Legislar a felicidade

Carla Hilário Quevedo, online 20151207
Para o Bloco de Esquerda, a vida é simples e linear. A incompetência tem uma explicação psicológica e se não fossem os traumas escolares o país seria extraordinário.
Uma das primeiras medidas do governo socialista, apoiado por PC e Bloco, foi acabar com os exames do ensino básico. Parece que se ouviu um suspiro colectivo de alívio de pais e crianças. Não sabemos, aliás, como sobreviveu a geração dos nossos pais ou dos nossos irmãos mais velhos, vítimas de um sistema opressivo, que tiveram de passar por uma prova escolar tão cedo na vida.
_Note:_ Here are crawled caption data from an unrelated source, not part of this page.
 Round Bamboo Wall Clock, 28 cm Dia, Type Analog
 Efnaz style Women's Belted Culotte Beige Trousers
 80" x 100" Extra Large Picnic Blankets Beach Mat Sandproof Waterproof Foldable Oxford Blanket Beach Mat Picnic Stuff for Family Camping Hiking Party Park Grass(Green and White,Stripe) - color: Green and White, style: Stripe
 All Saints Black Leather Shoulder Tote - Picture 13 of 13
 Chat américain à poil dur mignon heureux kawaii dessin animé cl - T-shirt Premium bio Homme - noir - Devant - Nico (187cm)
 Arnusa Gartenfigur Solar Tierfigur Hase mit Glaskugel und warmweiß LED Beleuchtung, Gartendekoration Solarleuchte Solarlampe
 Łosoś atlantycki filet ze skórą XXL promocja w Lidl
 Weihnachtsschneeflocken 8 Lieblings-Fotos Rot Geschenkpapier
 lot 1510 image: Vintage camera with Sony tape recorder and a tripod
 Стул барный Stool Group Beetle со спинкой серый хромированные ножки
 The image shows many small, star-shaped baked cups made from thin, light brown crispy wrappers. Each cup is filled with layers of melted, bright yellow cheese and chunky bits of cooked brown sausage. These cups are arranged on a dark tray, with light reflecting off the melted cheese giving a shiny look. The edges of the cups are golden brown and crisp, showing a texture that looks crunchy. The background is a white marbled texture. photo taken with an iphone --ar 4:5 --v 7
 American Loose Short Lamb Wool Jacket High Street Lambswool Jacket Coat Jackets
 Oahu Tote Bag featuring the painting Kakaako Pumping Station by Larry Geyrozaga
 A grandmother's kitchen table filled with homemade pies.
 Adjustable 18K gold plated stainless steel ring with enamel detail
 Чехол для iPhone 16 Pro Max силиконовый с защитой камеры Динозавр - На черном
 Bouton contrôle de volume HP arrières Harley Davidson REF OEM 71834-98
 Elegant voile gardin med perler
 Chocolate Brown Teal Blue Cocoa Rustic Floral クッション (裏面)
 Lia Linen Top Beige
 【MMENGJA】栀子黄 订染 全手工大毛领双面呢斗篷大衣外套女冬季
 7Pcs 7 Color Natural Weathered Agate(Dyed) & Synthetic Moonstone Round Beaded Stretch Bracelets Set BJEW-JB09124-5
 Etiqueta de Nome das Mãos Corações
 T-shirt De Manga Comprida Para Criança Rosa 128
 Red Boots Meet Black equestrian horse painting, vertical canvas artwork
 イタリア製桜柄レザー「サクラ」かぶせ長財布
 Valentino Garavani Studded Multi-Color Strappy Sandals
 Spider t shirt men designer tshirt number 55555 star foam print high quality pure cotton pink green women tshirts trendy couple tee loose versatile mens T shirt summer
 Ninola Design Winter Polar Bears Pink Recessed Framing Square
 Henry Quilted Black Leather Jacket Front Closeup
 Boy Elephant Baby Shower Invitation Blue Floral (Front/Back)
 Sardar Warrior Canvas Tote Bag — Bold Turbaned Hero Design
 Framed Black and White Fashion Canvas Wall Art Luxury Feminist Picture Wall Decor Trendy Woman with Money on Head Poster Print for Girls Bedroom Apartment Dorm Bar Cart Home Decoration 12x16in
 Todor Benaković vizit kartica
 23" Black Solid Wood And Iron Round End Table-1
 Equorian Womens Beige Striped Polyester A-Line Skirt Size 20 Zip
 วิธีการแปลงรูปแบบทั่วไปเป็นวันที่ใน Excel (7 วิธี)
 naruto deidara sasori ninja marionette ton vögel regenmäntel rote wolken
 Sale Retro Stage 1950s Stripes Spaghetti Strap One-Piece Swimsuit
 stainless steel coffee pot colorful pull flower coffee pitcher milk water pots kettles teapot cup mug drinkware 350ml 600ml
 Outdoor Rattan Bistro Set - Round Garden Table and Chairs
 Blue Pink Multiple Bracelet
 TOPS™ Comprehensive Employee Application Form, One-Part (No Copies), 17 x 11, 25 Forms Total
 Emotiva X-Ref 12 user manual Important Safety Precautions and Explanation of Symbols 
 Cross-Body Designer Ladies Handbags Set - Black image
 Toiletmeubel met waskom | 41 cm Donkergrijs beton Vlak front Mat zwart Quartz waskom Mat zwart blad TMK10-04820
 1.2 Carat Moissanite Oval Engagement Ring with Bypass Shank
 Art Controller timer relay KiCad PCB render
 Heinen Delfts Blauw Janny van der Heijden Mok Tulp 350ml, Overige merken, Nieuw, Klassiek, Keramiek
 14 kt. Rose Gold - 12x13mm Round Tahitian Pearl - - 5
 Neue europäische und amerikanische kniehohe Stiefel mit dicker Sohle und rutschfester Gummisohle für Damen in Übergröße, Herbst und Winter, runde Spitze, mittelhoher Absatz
Mas agora, felizmente, aquele eco de um passado tão sombrio desapareceu e, por isso, as nossas crianças vão voltar a sorrir, certas de que o futuro lhes reserva tudo aquilo que merecem, que é, naturalmente, o melhor.
Não satisfeita com o fim de uma prova que considerava traumatizante, Catarina Martins, do Bloco de Esquerda, resolveu pôr por escrito as suas ideias sobre a educação dos mais pequenos. O título da redacção é: “6 razões para acabar de vez com os exames do básico”. Começo por dizer que não fiz o exame do ensino básico. Não existia no meu tempo, mas no colégio cantava o hino português e o “God Save The Queen” duas vezes por dia. Imagino que seja um choque para qualquer adepto do método Montessori, que respeito, atenção, mas para mim o pior era a farda horrível que tinha de usar todos os dias. Aquela farda cor de vinho até hoje aparece nos meus piores pesadelos!
“Chumbar é ser facilitista” é outra das razões que Catarina Martins apresenta para justificar a bondade do fim dos exames no ensino básico. Pensava que era ao contrário. Mas é certo que chumbar na quarta classe é chato e foi pena Catarina Martins não sustentar o seu argumento só neste ponto. Poupava-se o drama, mas por outro lado também ficávamos sem saber que mundo o Bloco de Esquerda acha que é o correcto para vivermos.
É na última razão que encontramos resumida a ideia bloquista sobre a vida: “Perguntaram-me se eu quereria ser operada por um cirurgião que, em vez de testado na escola, tenha sido feliz na escola. Não tenho nenhuma dúvida: quero que tenha sido feliz, porque se aprende melhor quando se é feliz a aprender. E quero que não se esqueça do que aprendeu no ensino básico, por muito bom que tenha sido, e espero que o seja, na sua especialização. Espero que no ensino básico não se tenha limitado a treinar para fazer exames; que tenha aprendido as bases de que se faz o conhecimento todo e saiba usá-lo nas situações mais inesperadas e que nenhum exame pode prever.” Catarina Martins acha impensável um mundo em que uma criança não seja infeliz a fazer um exame. Também tem expectativas curiosas em relação a pessoas com bisturis: não está tão interessada na sua eficácia como no seu sorriso. Se forem felizes, diz, certamente serão bons profissionais. Para o Bloco de Esquerda, a vida é simples, linear e limpa. A incompetência tem uma explicação psicológica e, se não fossem os traumas escolares, o país seria extraordinário.
Tem graça que os alunos mais felizes na faculdade são os que praticam as praxes. Aquilo é uma alegria, só a dar ordens e a mandar comer relva no Campo Grande. Vê-se que sorriem com gosto. Serão futuros cirurgiões? Não passaram pelos exames do básico. Tenho expectativas menos nobres. Só quero que não me deixem o bisturi dentro da barriga quando me operarem ao apêndice.